A participação ativa dos pais ou cuidadores pode incluir assistir juntos a programas educativos, experimentar aplicativos interativos que ofereçam atividades de matemática básica ou vocabulário, e fazer perguntas sobre os personagens ou a história. Essas ações fortalecem os laços familiares e promovem a construção de aprendizagens compartilhadas. O relatório aponta que crianças cujos pais permanecem atentos durante as sessões de tela demonstram maior atenção e retenção de conceitos-chave.
No âmbito das políticas públicas, o relatório sugere iniciativas para ampliar o acesso a dispositivos e promover a alfabetização digital em comunidades com menos recursos. Entre as propostas estão:
– Oferecer internet de baixo custo.
– Fornecer tablets pré-configurados em centros comunitários ou bibliotecas.
– Capacitar educadores para identificar e recomendar conteúdos adequados.
Essas medidas visam garantir que os benefícios da tecnologia alcancem também as famílias que, por razões econômicas, poderiam ser excluídas dessa realidade. Com essas ações, é possível promover um uso mais inclusivo e construtivo da tecnologia para o desenvolvimento infantil.

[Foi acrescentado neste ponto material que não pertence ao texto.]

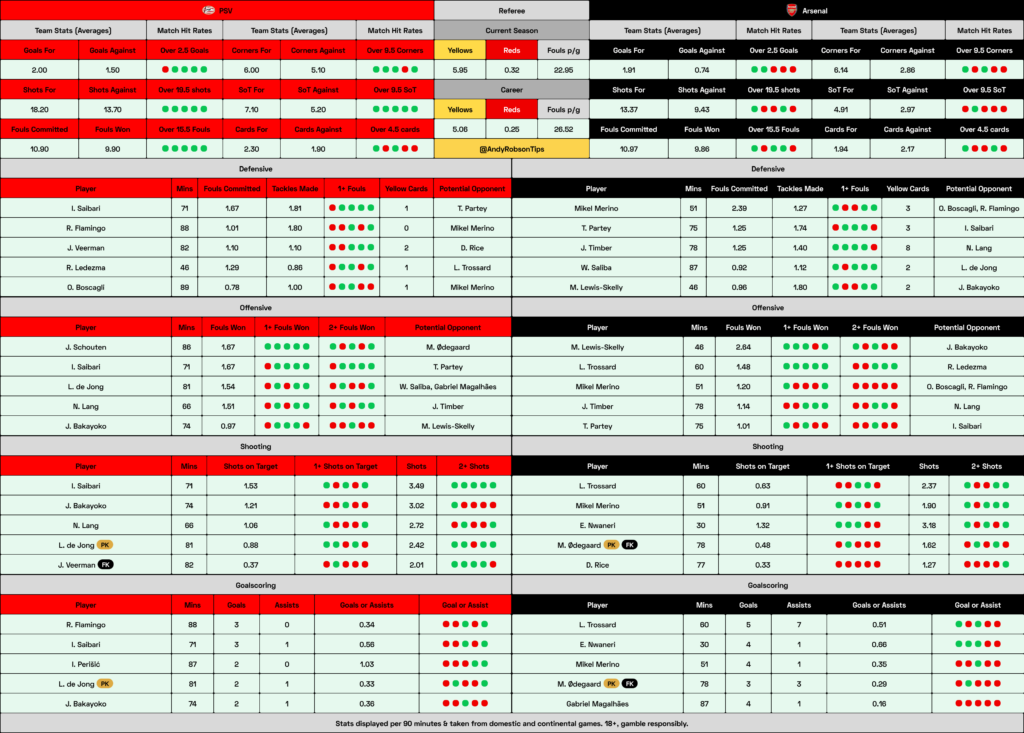 PSV v Arsenal Cheat Sheet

Reflexões para um Uso Responsável
O caso apresentado no relatório “Toddlers, Tech and Talk” (2024) deixa claro que a tecnologia faz parte do dia a dia da primeira infância em uma parcela significativa dos lares. Há inúmeras possibilidades para melhorar habilidades cognitivas, manter vínculos culturais e estimular a criatividade, conforme descrito ao longo deste documento. No entanto, os riscos associados à exposição às telas e à falta de supervisão não devem ser subestimados. Um grande número de pais expressa preocupação com a segurança online, o acesso a conteúdos inadequados e a dependência excessiva de dispositivos.

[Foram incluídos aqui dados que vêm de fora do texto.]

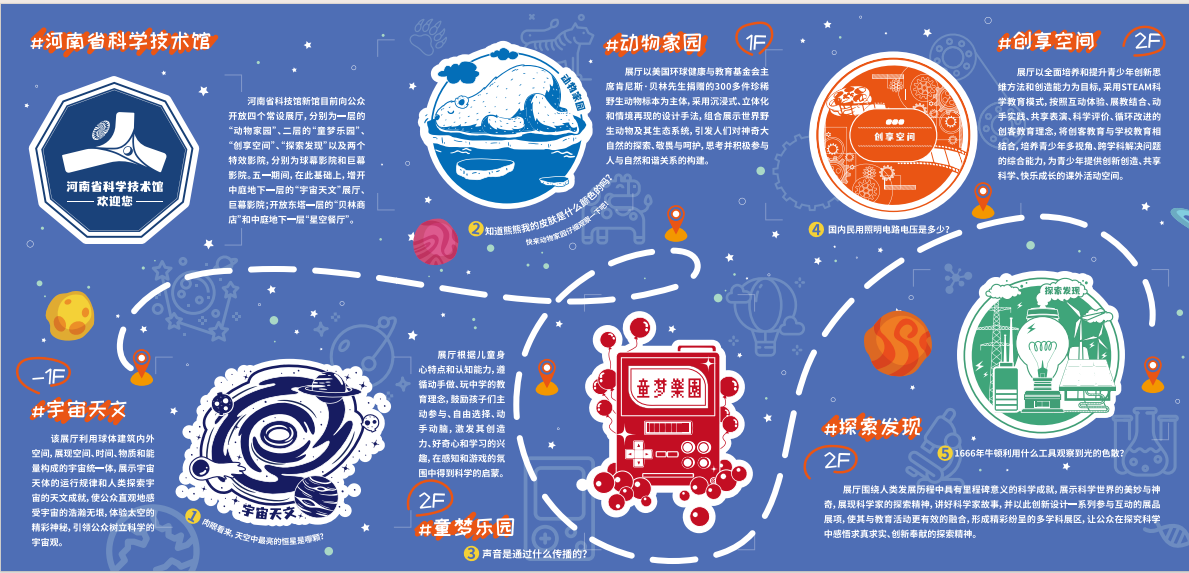发现一条“科技龙”！河南省科技馆邀您一起过大年啦！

A parentalidade e a educação na era digital enfrentam desafios que exigem o envolvimento de pais, educadores, autoridades e da própria indústria tecnológica. Apesar das barreiras socioeconômicas e culturais, a determinação em criar ambientes digitais mais seguros e adequados pode fazer a diferença. Seguir essas recomendações e continuar com pesquisas que considerem o papel da família, a diversidade cultural e a evolução do mercado tecnológico será essencial para moldar o futuro da relação entre tecnologia e desenvolvimento infantil.
Se as vantagens forem bem aproveitadas e os riscos forem gerenciados, as próximas gerações poderão crescer com um equilíbrio entre a curiosidade digital e habilidades sociais e cognitivas sólidas. Essa é uma meta que, segundo os especialistas, deve ser uma prioridade para todos os atores envolvidos.